**REQUIRED WORK:**
Down to the last line below, write out every line exactly, starting with the one that contains "Scale Models Tamiya" and leaving out the pictures.

Web page caption snippets
+++

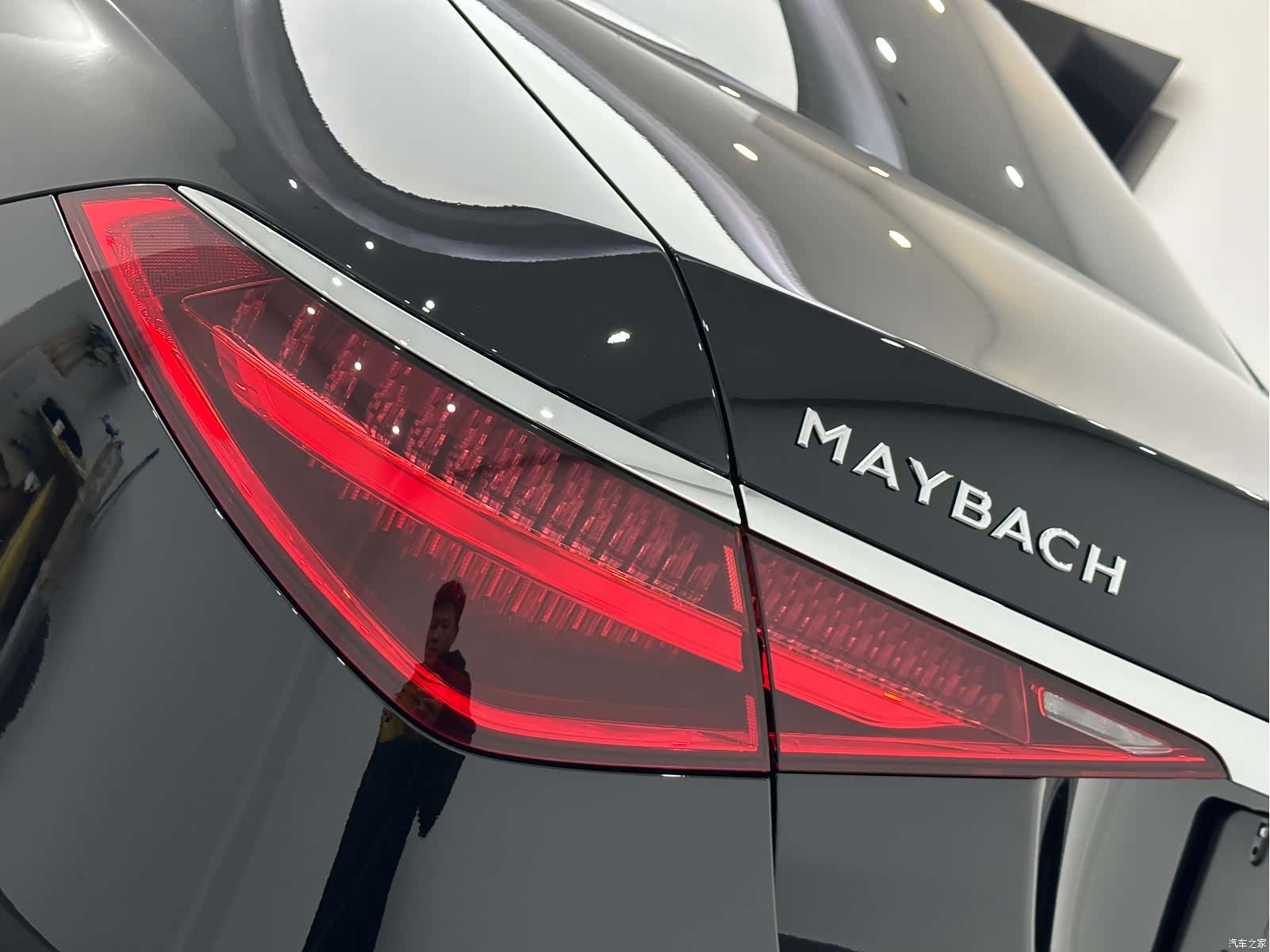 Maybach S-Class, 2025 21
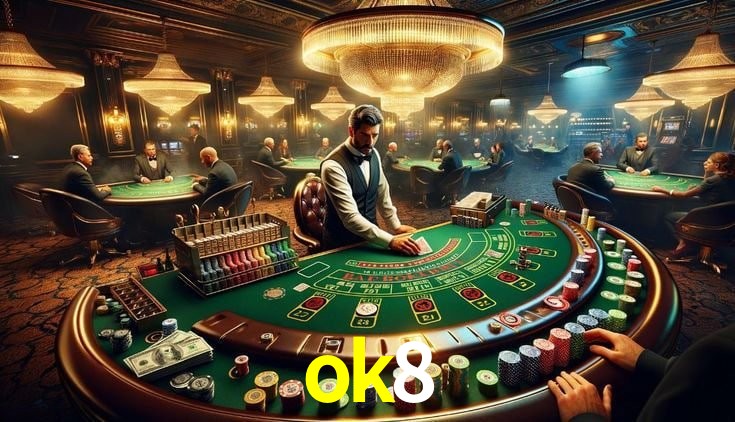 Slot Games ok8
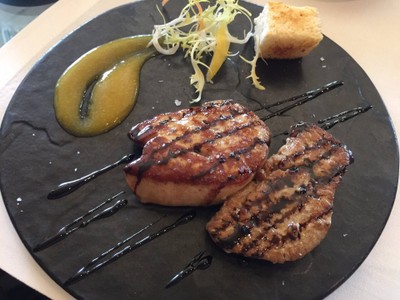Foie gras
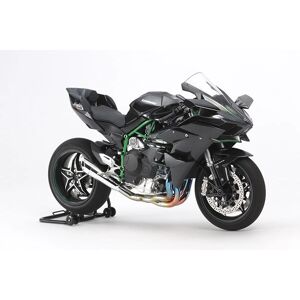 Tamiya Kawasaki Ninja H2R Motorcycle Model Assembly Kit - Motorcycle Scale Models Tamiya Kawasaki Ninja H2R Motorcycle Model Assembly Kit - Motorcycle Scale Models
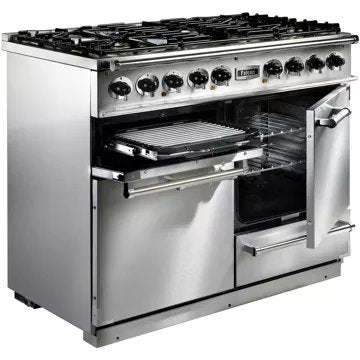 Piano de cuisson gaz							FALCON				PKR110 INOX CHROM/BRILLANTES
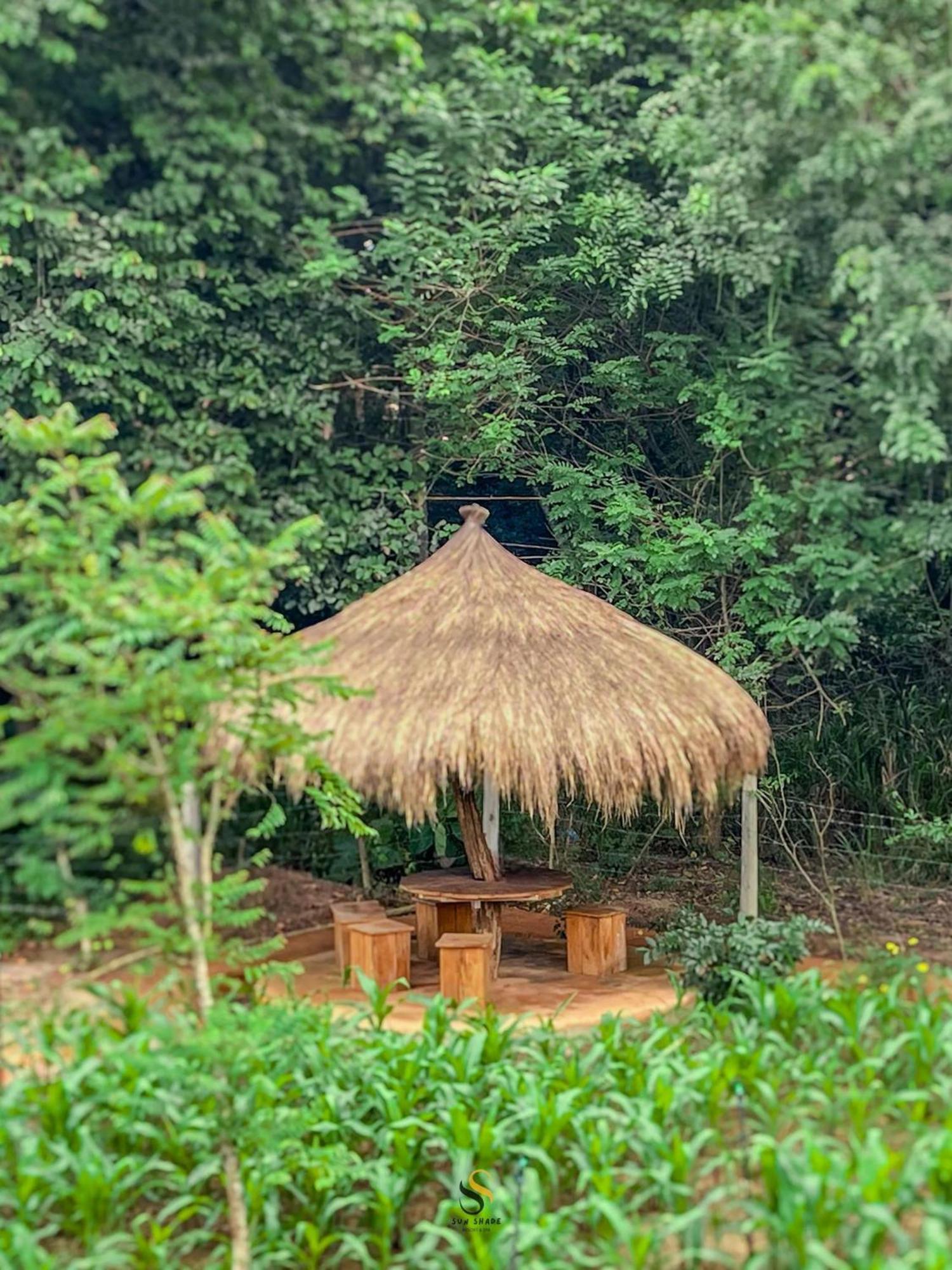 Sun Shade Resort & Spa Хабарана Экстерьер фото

+++

**COMPLETED TASK:**
 Tamiya Kawasaki Ninja H2R Motorcycle Model Assembly Kit - Motorcycle Scale Models Tamiya Kawasaki Ninja H2R Motorcycle Model Assembly Kit - Motorcycle Scale Models
 Piano de cuisson gaz							FALCON				PKR110 INOX CHROM/BRILLANTES
 Sun Shade Resort & Spa Хабарана Экстерьер фото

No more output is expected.